The scale of cultural loss in Sudan is coming into sharper focus. Museum officials have disclosed that more than 60 percent of the National Museum of Sudan’s holdings were looted during the country’s ongoing civil war, a revelation that underscores how quickly heritage can become collateral damage in modern conflict.

Ghalia Jar Al-Nabi, the Sudanese director of the General Authority for Antiquities and Museums, reported the figure, making public what officials say is the extent of the thefts from the museum’s collection. The disclosure arrives as international attention remains fixed on the humanitarian catastrophe unfolding across Sudan, where cultural institutions have struggled to protect collections, staff, and buildings amid instability.

While museum looting is often discussed in the abstract, the percentage cited by Jar Al-Nabi suggests a devastatingly concrete outcome: a majority of objects once held in the national collection are now missing.
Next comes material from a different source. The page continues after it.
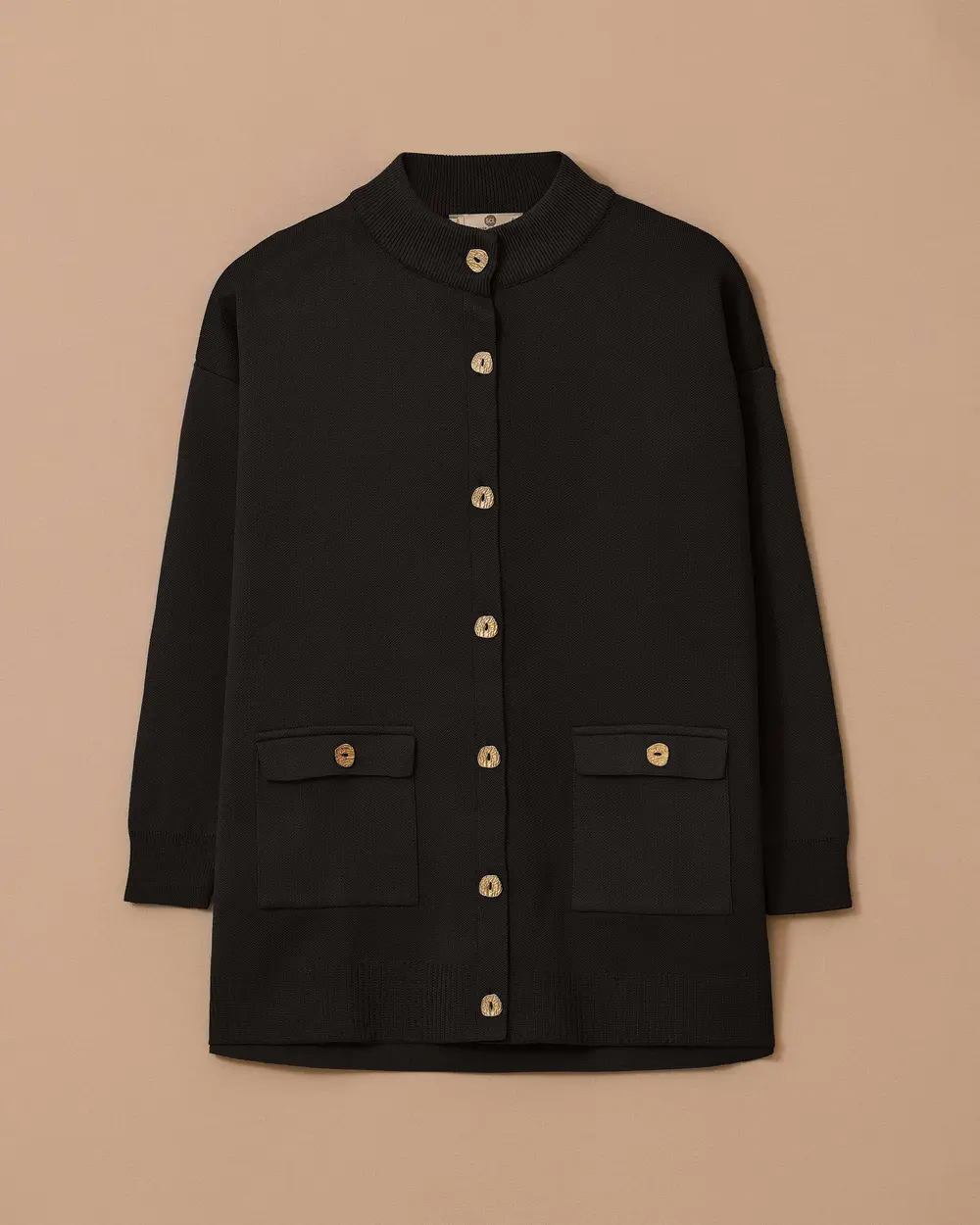 Cep Detaylı Düğmeli Triko Hırka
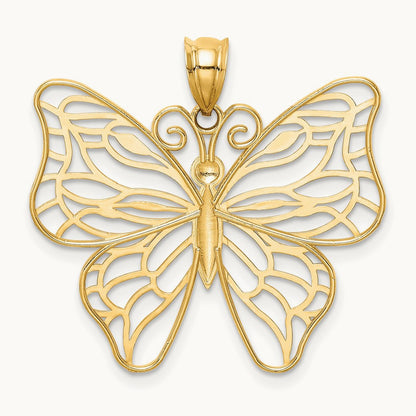 Polished Large Butterfly Pendant — 14K Yellow Gold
For a museum that serves as a key repository for Sudan’s archaeological and historical material, the losses represent not only the disappearance of individual artifacts but also the erosion of public access to the country’s past.

The announcement also sits alongside broader allegations about the conduct of the warring parties. A report referenced in coverage of the museum’s situation said parties to the conflict have committed “an appalling range of harrowing human rights violations and international crimes.” In that context, the looting of cultural property reads less like an isolated episode and more like one dimension of a wider breakdown in protections for civilians, institutions, and shared patrimony.

For museums, the consequences of wartime theft can reverberate for decades. Objects may be trafficked across borders, dispersed through illicit networks, or held in private hands, complicating recovery efforts and raising urgent questions for the international art market about due diligence, provenance, and the responsibilities of collectors and intermediaries.

Sudan’s museum officials, by publicly quantifying the damage, have provided a stark benchmark for what has been lost and what may still be at risk. The figure is likely to shape future documentation and recovery efforts, and it adds to the growing record of how armed conflict can imperil not only lives but also the material evidence of a nation’s history.

As the war continues, the fate of the missing holdings remains uncertain. What is clear is that the National Museum of Sudan’s disclosure marks a sobering moment: a national collection has been fractured on a scale that will be felt long after the fighting ends.